Abstract:
A graphical model is a probabilistic model that uses a graph to represent conditional independence relations among random variables. We study acyclic directed graphical models, where a directed acyclic graph (DAG) is used to represent both conditional independence and causal relationships. Multiple DAGs can represent the same set of conditional independence relations; such DAGs are called Markov equivalent and belong to the same equivalence class, called a Markov equivalence class (MEC), which is graphically represented by the union of the DAGs it contains. Many combinatorial problems related to MECs have been studied in the literature. One such problem is: given the graphical representation of an MEC, compute its size. In a generalization of this problem, we are also given background knowledge in the form of a set of directed edges.

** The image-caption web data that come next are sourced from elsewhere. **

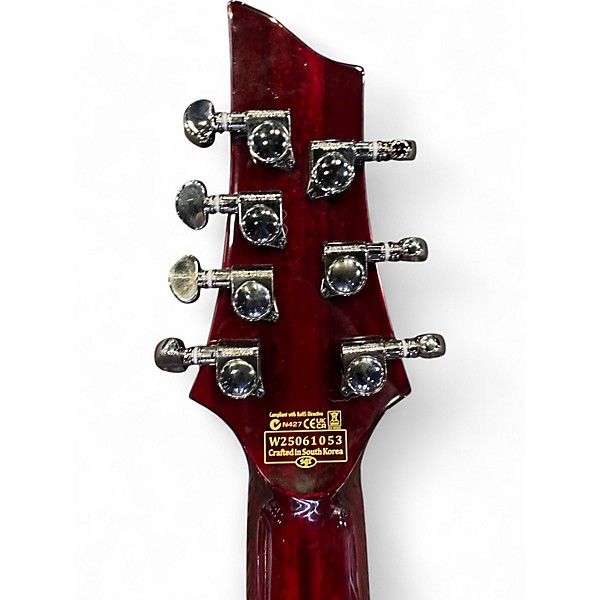 Used Schecter Guitar Research HELLRAISER-S Black Cherry Solid Body Electric Guitar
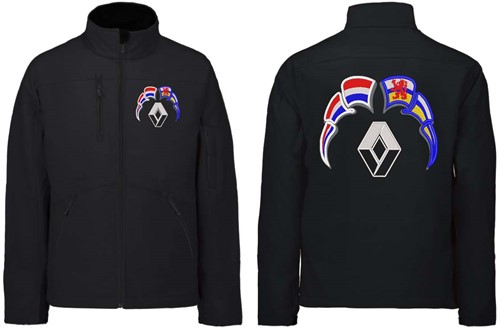 Softshelljacke Renault Emblem mit Wimpel Niederlande - Limburg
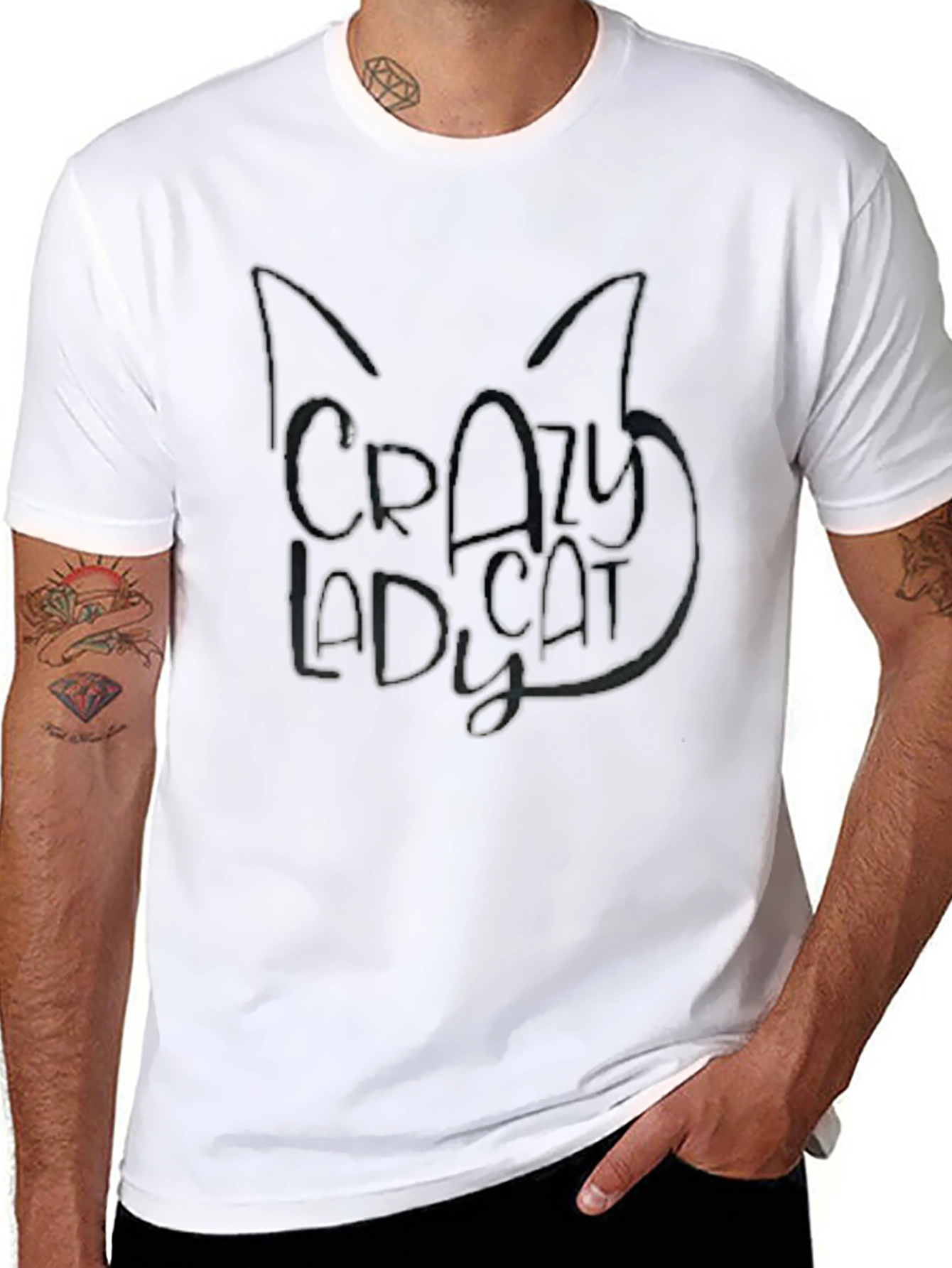 Crazy Cat Lady T-Shirt - Black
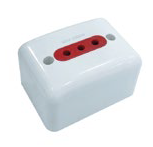 Tomacorriente Exterior Conatel 1X3L 10A 2P+T con Tierra Uruguay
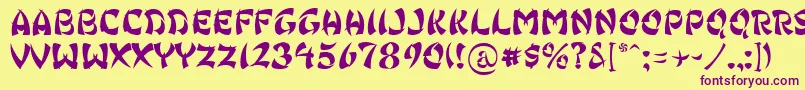 Ginko Font – Purple Fonts on Yellow Background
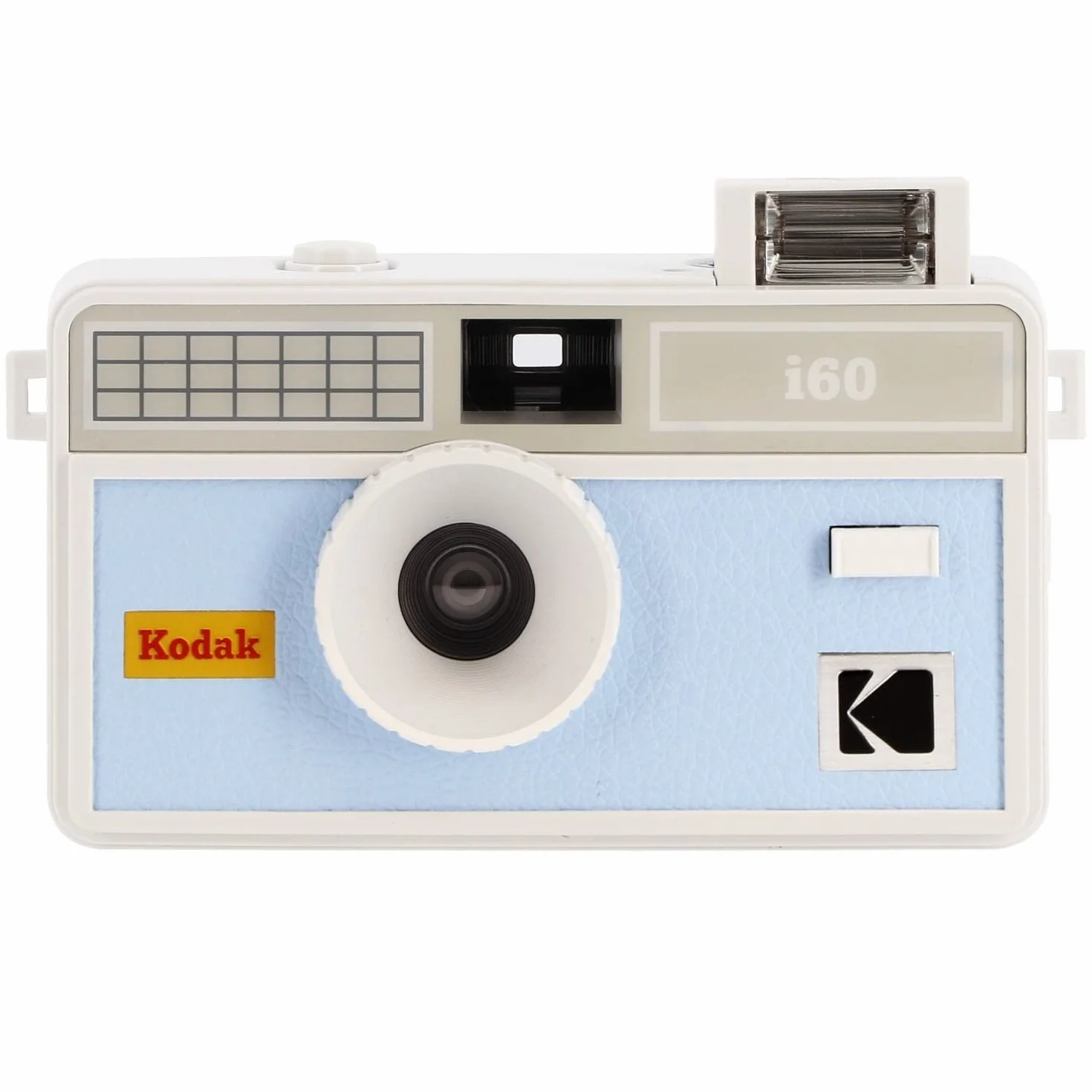 Kodak Kamera filmowa wielokrotnego użytku i60 35 mm - styl retro, bez ostrości, wbudowana lampa błyskowa, naciśnij i wyskakująca lampa błyskowa (Baby Blue)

A DAG in the MEC is consistent with the background knowledge if the background knowledge is a subset of its directed edges, and the goal is to count such DAGs. Another important problem is: given an undirected graph, count the number of MECs whose skeleton is the same as the undirected graph.
Wienöbst et al. show that counting background knowledge-consistent DAGs in an MEC is #P-hard. In this talk, we present an FPT algorithm for this problem, along with an FPT algorithm for counting MECs with a given skeleton. We further provide a faster FPT algorithm when the input graph is chordal, and a polynomial-time algorithm when the input graph is a tree.